# Walter oh dear



## Rose n Poos (Sep 22, 2017)

Twyla, I wish for you and your crew a few more dull moments to balance all the "adventures"


----------



## fjm (Jun 4, 2010)

I hope you get things sorted and settled once again. Would it also be worth testing thyroid levels? Walter is on the young side for hyperthyroidism, but it too can affect behaviour, making a cat touchy and irritable.


----------



## twyla (Apr 28, 2010)

Thanks fjm, I'll discuss that with the vet when I see her. Walter is distressed, though it is so subtle he's more friendly and he's back to glaring at Gracie, usually the dogs and I are boring and not worthy of attention


----------



## fjm (Jun 4, 2010)

Weight loss is the other classic symptom, but, as with so many things, cats don't always read the books...!


----------



## Vita (Sep 23, 2017)

Twyla, this is serious, really serious. It's no longer a one time event, it's grown into a _habit_ that threatens the well-being, health, and safety of your three poodles. I dread the day that you could come home from work to a one-eyed poodle. 

Since you're dead set against declawing and/or he might be too old for this choice, please do what must be done: rehome Walter. I don't say this lightly b/c I have a sense of how you feel about your pets. 

But sometimes the choices we'd prefer are out of our hands. You'd like to keep Walter _and_ to keep your poodles safe from him, but I don't see how you can have it both ways b/c Walter won't let you. By now, your poodles are probably walking on eggshells around him. Take pride that you've done your best. 

We're here for you.


----------



## Mufar42 (Jan 1, 2017)

Aww poor Walter and poor pups. I have cats too and have to watch them as they have no fear of Renn but if he pounces on them he could get scratched so I avoid it. Perhaps you cold keep Walter locked in one room and not allow the dogs access to it. He would have his personal space and not feel threatened by the pups?


----------



## twyla (Apr 28, 2010)

Everyone should know Walter separated from the dogs when I am not home and these incidences are completely my fault, Walter gained access to food he shouldn't have which is totally on me, that is causing him this pain it's obvious to me now he is in distress but I should of dealt his symptoms sooner.


----------



## MollyMuiMa (Oct 13, 2012)

I am sorry you are having 'Walter Woes' again, but knowing you, you'll have them all taken care of in the best way you see fit, in no time! Good Luck!


----------



## twyla (Apr 28, 2010)

I should have taken Walter to the vet two weeks ago, I personally have been sick the past week or so, not in my best form. And Leonard and Pia are not totally innocent either they do on occasion tear off after Walter, who usually takes it in stride and completely ignores them, slowly ambling off.


----------



## twyla (Apr 28, 2010)

Vita said:


> Twyla, this is serious, really serious. It's no longer a one time event, it's grown into a _habit_ that threatens the well-being, health, and safety of your three poodles. I dread the day that you could come home from work to a one-eyed poodle.
> 
> Since you're dead set against declawing and/or he might be too old for this choice, please do what must be done: rehome Walter. I don't say this lightly b/c I have a sense of how you feel about your pets.
> 
> ...


Vita, 

I understand your point of view, but I should have brought Walt to the vet two weeks ago when Pia got hurt and do what I am supposed to do and make sure Walter voids his bowels daily. If Walter voids his bowels daily he is a pretty content cat, very lazy happy guy.

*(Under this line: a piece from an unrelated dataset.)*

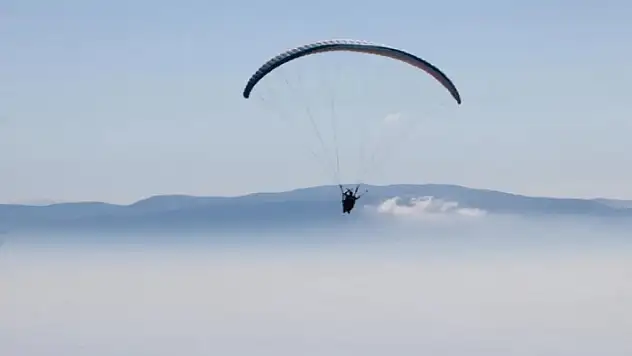 Türkiye'de yamaç paraşütü yarışması Konya'da başladı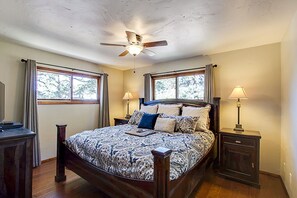 5 Schlafzimmer, Bügeleisen/Bügelbrett, WLAN, Bettwäsche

Walter is not going to live to be old I except this, so I am not going to amputate the tips of his toes.

will point out declawing a cat with behavior issues only makes it worse, making it more likely they will bite because they have no other defense.

As for re-homing him, I will point out it is harder for a healthy adult male cat to get adopted couple that with a severe medical issue and a bit of a an 'tude. Walter is not cuddly, he likes the dogs better than me.

I just have to be diligent


----------



## lily cd re (Jul 23, 2012)

twyla declawing is inhumane and I am totally on the same page with you on not considering it. I had three cats that were strictly indoor girls, but despite that would never have declawed them.


As to the other stuff I think you have always been very deeply self aware/evaluative and honest about things like Walter's health issues and Gracie's behavior concerns. I would never second guess your decision making as you are the one who lives your scenario, not me. And yeah we can all fail on bits of this kind of stuff. Like why did I think my lunch break last Saturday was a good time to get Javelin worked up over cleaning his ears before taking him into a trial ring. Totally on me as my bad that he didn't want his head touched. I own that and I would be pretty offended if anyone told me off on it.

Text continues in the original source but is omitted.